* _What to produce_
Below are the records. Retype exactly the lines between the lines holding "UAE-based Elite Agro" and "Z-Lite Canada - Two", inclusive.

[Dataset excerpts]

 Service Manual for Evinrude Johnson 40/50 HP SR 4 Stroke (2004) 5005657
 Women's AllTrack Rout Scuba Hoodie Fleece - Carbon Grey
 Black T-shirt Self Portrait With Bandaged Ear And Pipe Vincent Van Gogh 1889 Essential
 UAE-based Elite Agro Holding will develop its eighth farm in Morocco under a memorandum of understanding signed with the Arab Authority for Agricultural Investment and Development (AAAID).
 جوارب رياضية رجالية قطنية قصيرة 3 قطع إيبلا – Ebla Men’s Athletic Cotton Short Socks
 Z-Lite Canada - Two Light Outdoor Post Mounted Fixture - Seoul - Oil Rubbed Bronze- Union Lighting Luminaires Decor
* * *
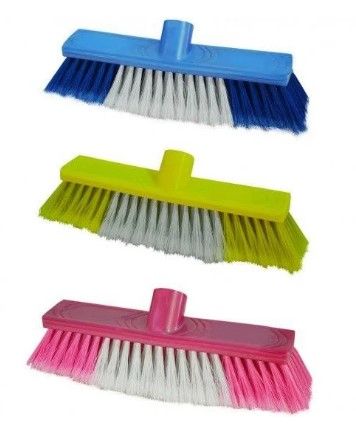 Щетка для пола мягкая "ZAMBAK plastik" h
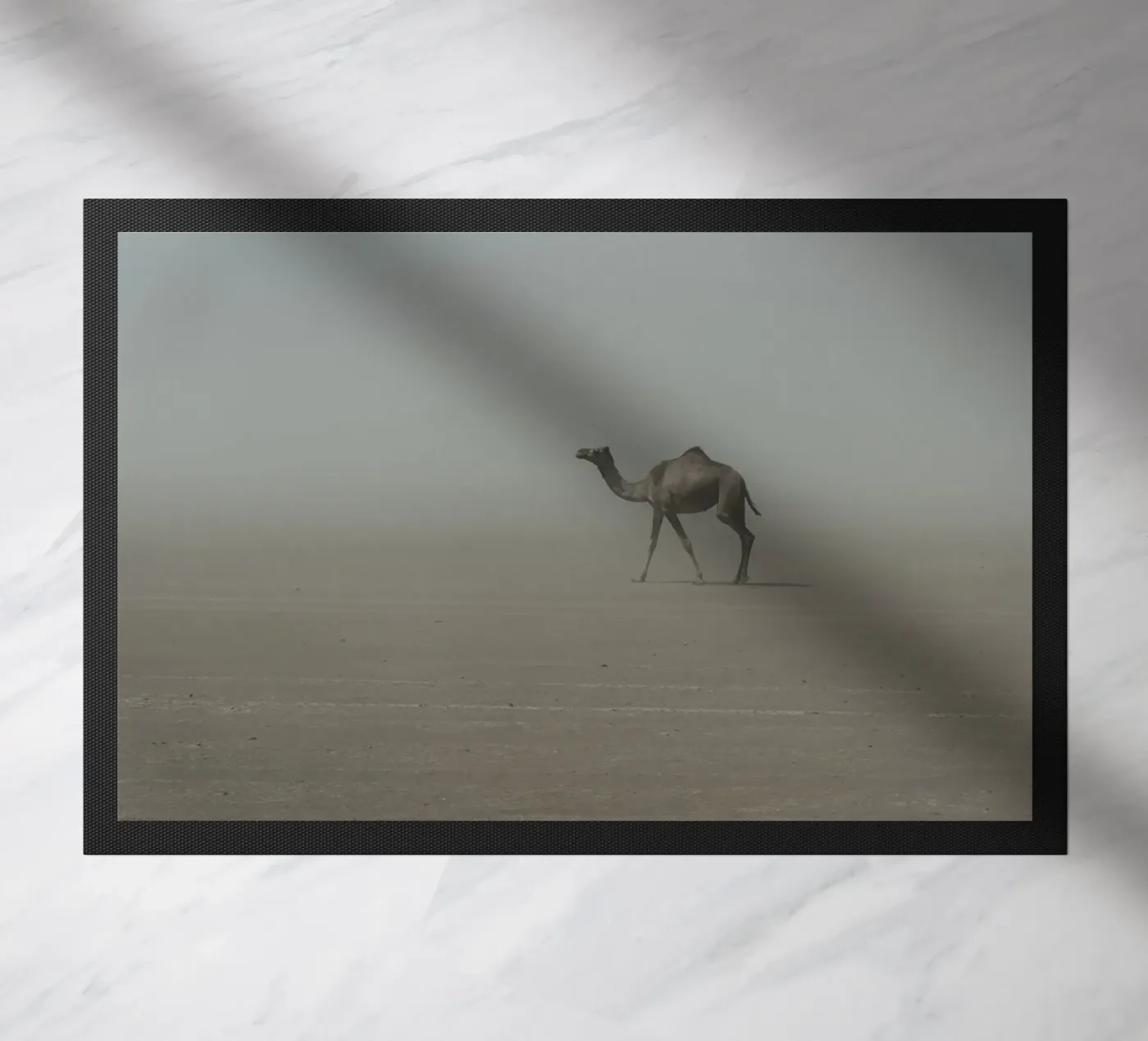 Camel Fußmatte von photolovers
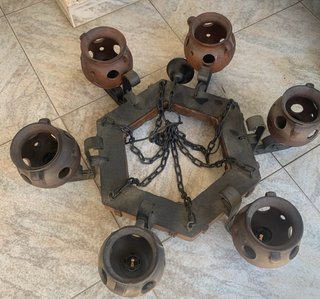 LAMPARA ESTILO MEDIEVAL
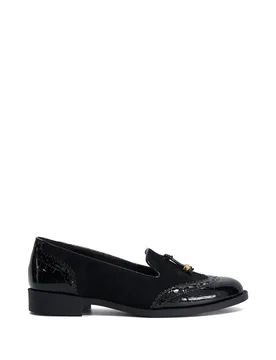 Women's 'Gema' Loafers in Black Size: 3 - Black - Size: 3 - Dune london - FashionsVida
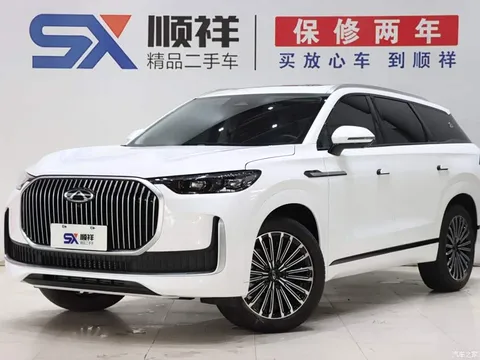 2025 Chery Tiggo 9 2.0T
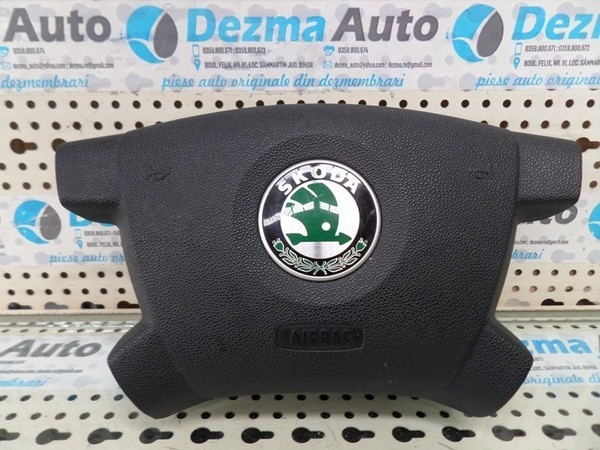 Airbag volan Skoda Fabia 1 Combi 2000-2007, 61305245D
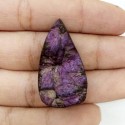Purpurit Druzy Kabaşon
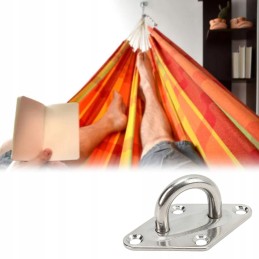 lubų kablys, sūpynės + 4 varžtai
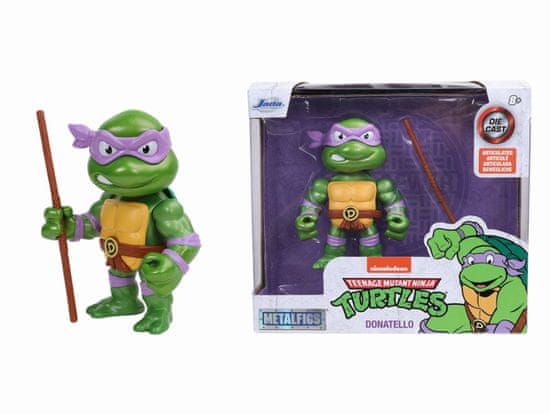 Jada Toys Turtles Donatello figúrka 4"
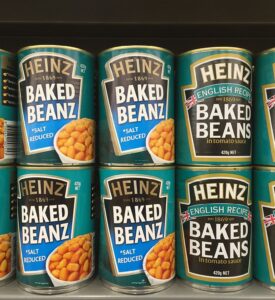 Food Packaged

* _Task answer_
 UAE-based Elite Agro Holding will develop its eighth farm in Morocco under a memorandum of understanding signed with the Arab Authority for Agricultural Investment and Development (AAAID).
 جوارب رياضية رجالية قطنية قصيرة 3 قطع إيبلا – Ebla Men’s Athletic Cotton Short Socks
 Z-Lite Canada - Two Light Outdoor Post Mounted Fixture - Seoul - Oil Rubbed Bronze- Union Lighting Luminaires Decor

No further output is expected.